Work item
With pictures excluded, repeat exactly the lines from the one containing "Condo in Key" through the last line of the material below.
##### Data below #####
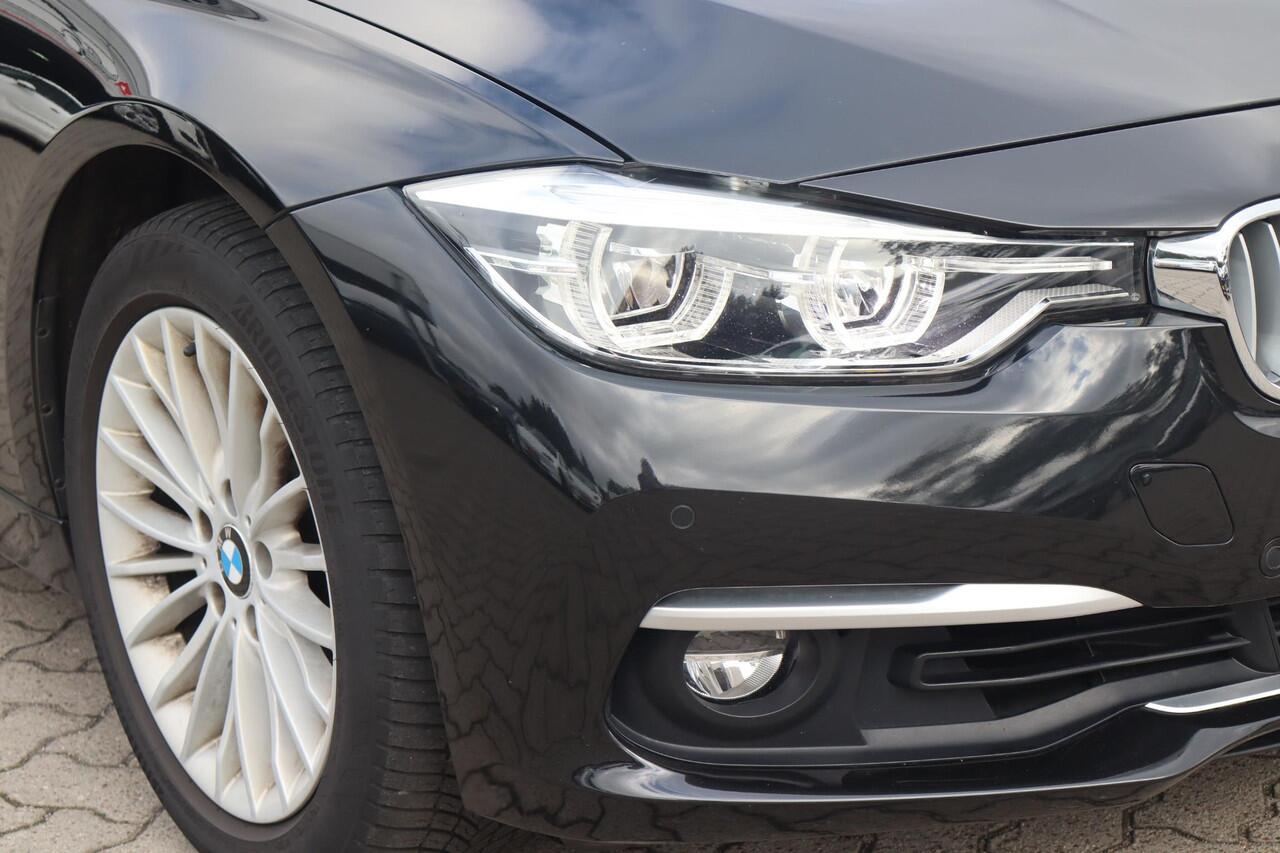 BMW 3-SERIE Touring 320i Luxury Edition (NL auto), Navigatie, Lederen interieur, Cruise control, Climate control, Stoelverwarming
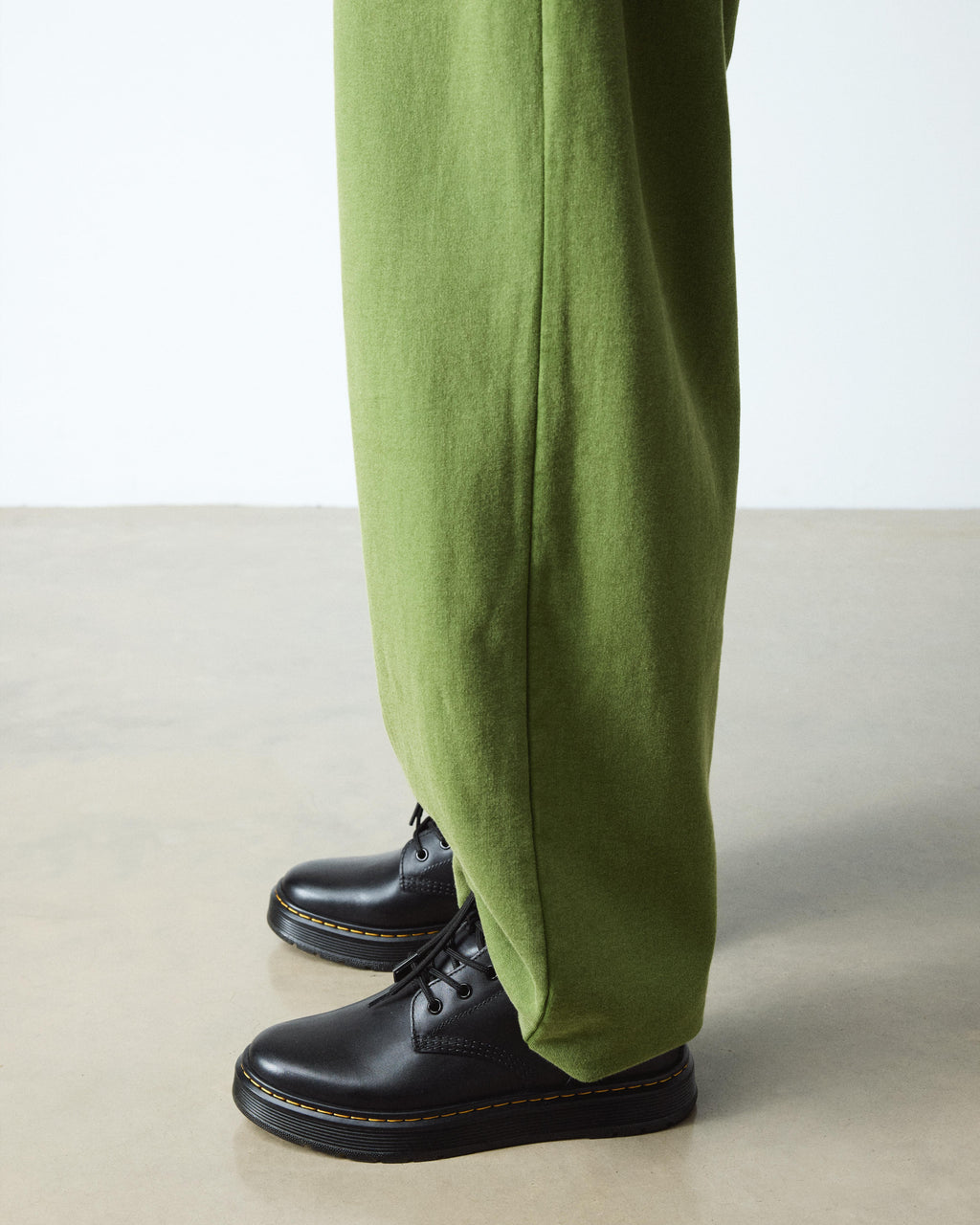 Botí­n Chukka Brookline de cuero blando Dr. Martens - vista lateral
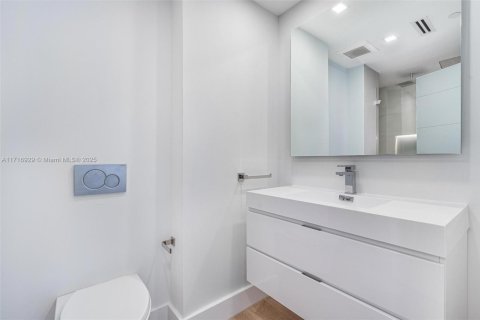 Condo in Key Biscayne, Florida, 3 bedrooms  № 1861570 - photo 24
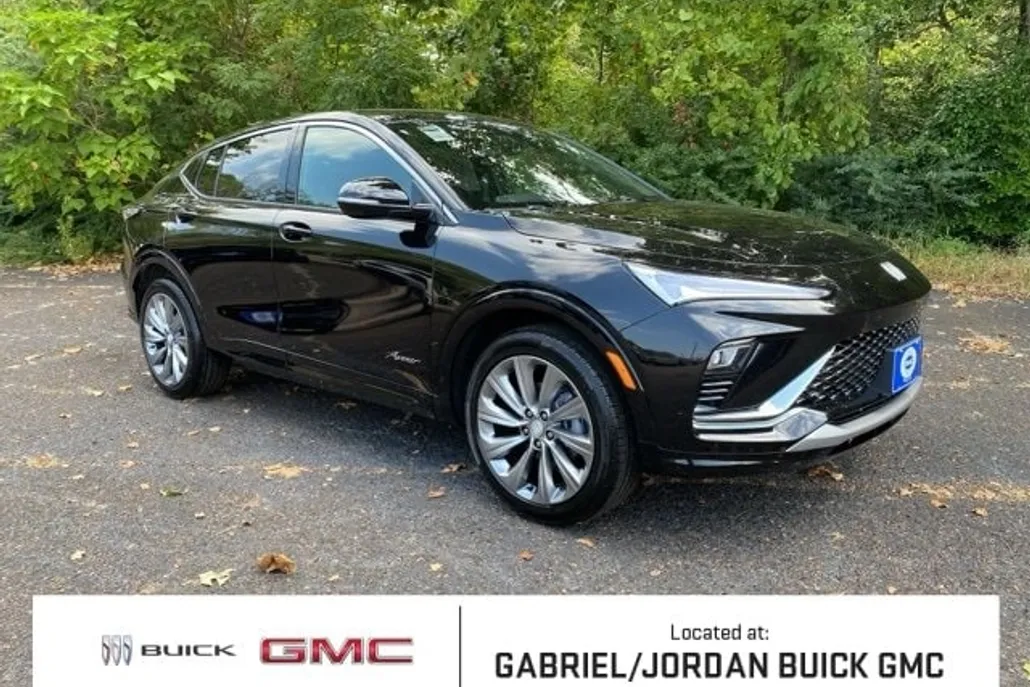 2025 Buick Envista Avenir photo 1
#####
Output for this task
 Condo in Key Biscayne, Florida, 3 bedrooms  № 1861570 - photo 24
 2025 Buick Envista Avenir photo 1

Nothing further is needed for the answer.